Today marks the 30th anniversary of Piper Alpha when a number 0f explosions ripped through the offshore installation killing 167 workers and left the lives of 61 survivors and their families changed forever as the impact of surviving such a tragedy took a toll, both physically and psychologically on survivors and their loved ones.
The inquiry into the disaster headed by Lord Cullen was to hear from many witnesses as the chain of events and health and safety failures unfolded that led to the hydrocarbon release and its ignition that causing the wholesale devesation that left 167 families bereaved.
The findings of the inquiry and Lord Cullen’s recommendations were to change the health and safety landscape on the UK Continental Shelf forever. Or did they?
Perhaps the two key recommendations were stripping the Department of Energy of responsibility for safety regulation offshore and proposals to develop a safety case regime.
Thr first recommendation was felt necessary to avoid what had been a clear conflict of interest, whereby the Government department setting our energy policy also had responsibility for enforcement of health and safety regulations within the offshore industry.
The second was Lord Cullen’s view that the offshore industry should develop a safety case regime similar to that in the United Kingdom nuclear industry, where offshore installation operators have to develop a health and safety plan that demonstrates to the HSE their compliance with relavant safety regulations.
The first Offshore Installations (Safety Case) Regulations came into force in 1992 and place, among other things, a duty on installation operators to develop and implement safety cases that meet HSE approval and to review safety cases every 3 years; however the later Offshore Installations (Safety Case) 2o05 regulations relaxed this duty and now safety cases apply throughout the life of an installation with certain circumstances dictating when a revision is required.
This relaxation was driven by industry leaders pedalling the over burdensome regulatory burdens myth while apparently forgetting the reason the safety case regime was introduced in the first place.
What is concerning is that, even taking into account the less burdensome regime, opearators still do not appear to grasp what the safety case compels them to do.
In a 2016 court case reported in IOSH Magazine Conoco Philips were fined £3 million (£1million for each offence)after pleading guilty to 3 hydrocarbon releases in 2 days in 2012 (24 years after Piper Alpha and 20 years after the safety case regulations were introduced), they had the audacity to appeal the level of the fine, however the appeal judges were having none it,
At the appeal hearing, Judge Treacy told the court: “The risk involved was foreseeable and significant. If the gas had ignited the risk to personnel of death or serious was extremely high […] All 66 occupants of the platform had been put at significant risk.
If safety cases provide well documented reasoned argument to demonstrate compliance with health and safety laws why did these leaks happen, why are so many offshore workers continuing to be at risk from hydro carbon realeases and why has the HSE’s Head of Energy Division Cliff Flint felt compelled to write to operators urging industry senior leaders to assess their operations and to reflect on the learning from incidents across the process industries to identify where improvements can be made.
More recently the Offshore Installations (Safety Case Regulations) 2015 places a duty on operators to evidence proper consultation with safety reps on preparation or revision of a safety case and how their views have been taken into account and, if not, provide reasons why not.

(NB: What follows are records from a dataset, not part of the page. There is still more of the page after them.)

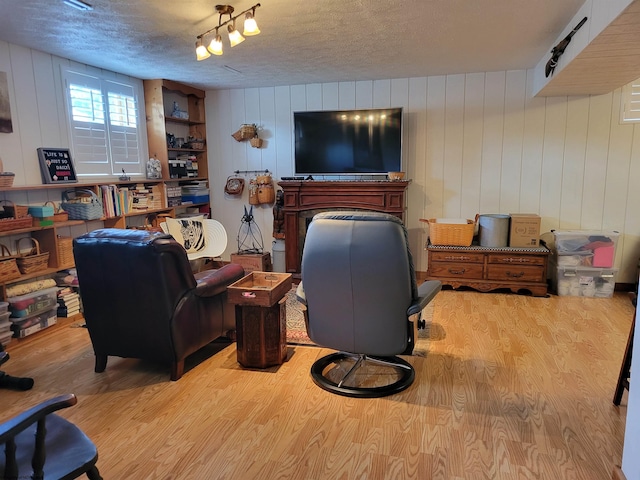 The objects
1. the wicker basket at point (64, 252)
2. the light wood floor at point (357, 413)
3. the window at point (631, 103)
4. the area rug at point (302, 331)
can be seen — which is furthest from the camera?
the window at point (631, 103)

Further provision was made in these regulations ensuring duty holders make adequate arrangements to communicate national arrangements for anonymously reporting health and safety concerns.
These two particular provisions are welcome and provide opportunity to ensure the views of workers are taken into account when developing the safety case and for the first time should have confidence in reporting health and safety concerns anonymously. However to have any chance of success thes provisions have to have the confidence of the workforce, this can only be achived by strong enforcement to ensure adherence to safety cases by operators and action taken against those that do not.
Strong words from Chris Flint have to be backed up by strong enforcement activity and workers need to see evidence of anonymous complaints being taken seriously.
Scottish Hazards supports unions working in the sector, there should never be another Piper Alpha and there should be no compromise on safety during economic downturns or when oil prices plummet.
The concept of fair work should apply as equally on offshore platforms as it does in onshore workplaces, trade unions can provide the most effectice voice for offshore workers, especially a health and safety voice.
Without that voice, creating the health and safety culture offshore HSE, Chris Flint says is needed for workers to feel confident in reporting concerns will remain a pipe dream for offshore workers and hydrocarbon releases of the type that caused 167 death on Piper Alpha in 1988 and put 66 Conoco Phillips workers at risk 24 years later will continue to happen.